Sessenta e um ano depois de o Brasil viver sob a ditadura civil-militar, o parlamento se revela mais próximo de modelos cerceadores da liberdade
(Kayo Magalhães/Câmara dos Deputados)
O projeto de lei de anistia aos golpistas não apenas é instrumento de obstrução na tramitação de matérias na Câmara dos Deputados por ação de parlamentares do Partido Liberal. Trata-se de uma conduta longe de ser compreendida como direito e sim de afronta aos princípios constitucionais aos direitos fundamentais dos brasileiros e dos eleitores. É atitude impositiva.
“As questões políticas são demasiadas sérias para serem deixadas aos cuidados dos políticos”, afirma Hanna Arendt em uma das passagens do “O Que é Política”. A obstrução patrocinada pelo PL traz à mente o pensamento de Arendt e escancara a truculência do processo político-parlamentar ora vivido no Brasil.
Sessenta e um ano depois de o país viver sob a ditadura civil-militar, o parlamento brasileiro se revela mais próximo de modelos cerceadores da liberdade. Parcela dos eleitos expõe o gosto pela arbitrariedade. Nesse momento, Câmara dos Deputados e Senado deveriam liderar, em nome da própria existência legítima do Poder Legislativo, movimentos em defesa da democracia e não aceitar atitudes de enfraquecimento e de construção de outros retrocessos.
O que está sendo obstruído diz respeito ao dever do Legislativo de se posicionar sobre matérias que afetam diretamente a população, às instituições, a milhares de trabalhadores. A mídia pode ser um dos espaços de apresentação dos projetos parados pela obstrução e dos efeitos dessa paralisia na vida nacional. A mídia pode e deve informar, é para essa função que ela justifica o tempo todo a sua existência.
Outros setores ativos e sensatos da sociedade também têm condições de promover esclarecimentos nos diferentes espaços sobre as motivações da obstrução produzida pelo PL e outros apoiadores. Demonstrar pedagogicamente as consequências dessa atitude e motivar eleitores ao aprendizado sobre as respostas a serem dadas a esses parlamentares.
A Câmara dos Deputados possui 513 membros e, nesse ambiente, interesses antagônicos se dão como parte da natureza do parlamento. Os recursos de acordo e de obstrução são historicamente utilizados na medição de força para fazer valer a cota dos interesses de alguns.
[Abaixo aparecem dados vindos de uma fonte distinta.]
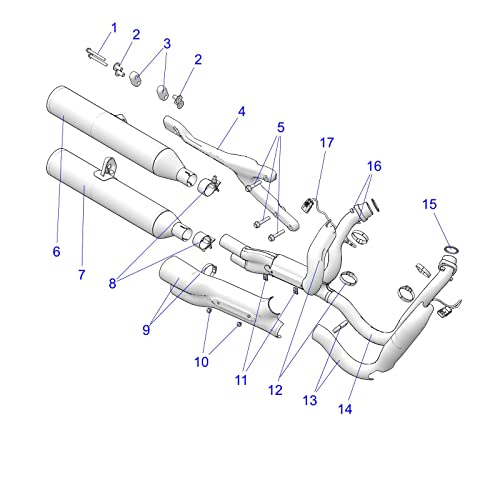 Indian Motorcycle Worm Drive Clamp, Genuine OEM Part 7082310, Qty 1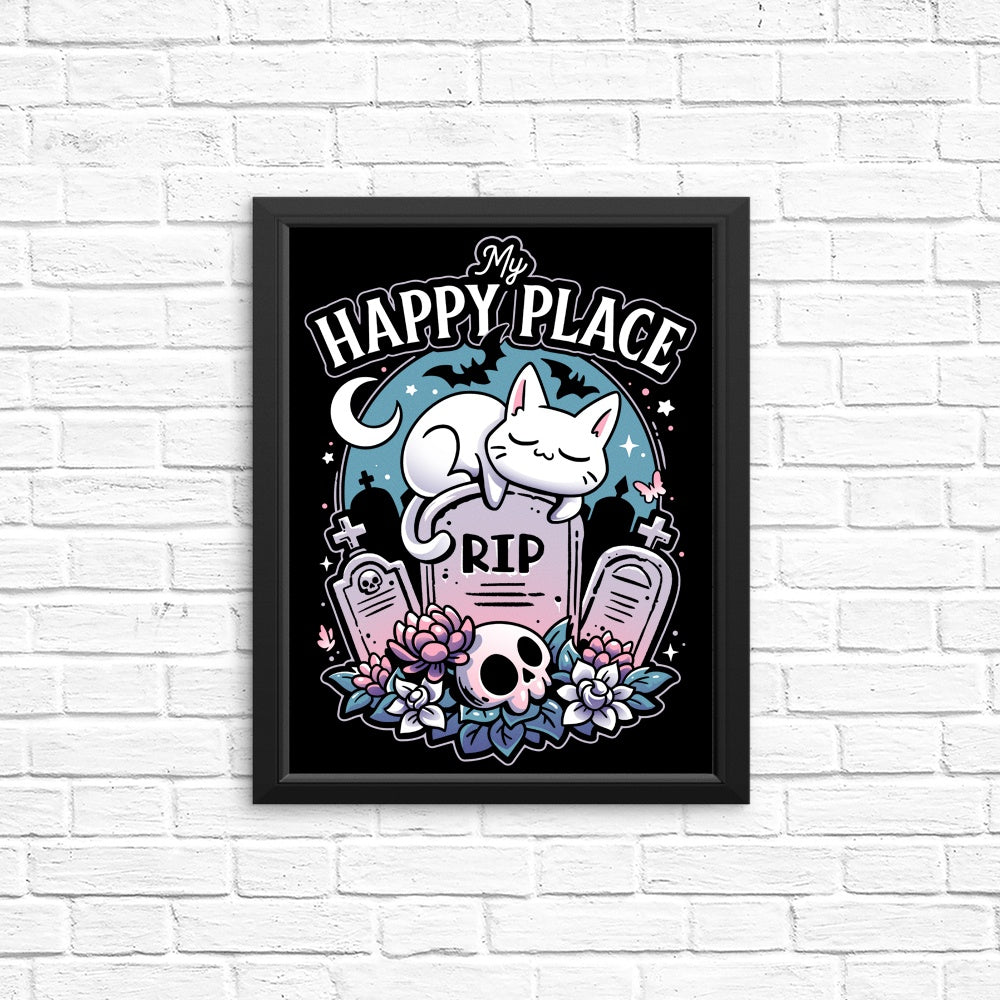 Cemetery Cat Nap Wall Posters and Art Prints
Em alguns casos, como o atual – votar um projeto de lei para anistiar golpistas – é ultrapassar o limite do legitimo e do legal.
A presidência da Câmara está sendo confrontada pela bancada do PL e, nesse duelo, terá de apresentar uma posição cujo rumo aguardamos. O tamanho do movimento externo diante da proposta votar a anistia aos golpistas pode ter reflexo no emparedamento interno da casa que se reflete do lado de fora, em nós. E, de novo recordo Arendt: “A política baseia-se no fato da ‘pluralidade dos homens’, ela deve, portanto, organizar e regular o convívio de diferentes, não de iguais”.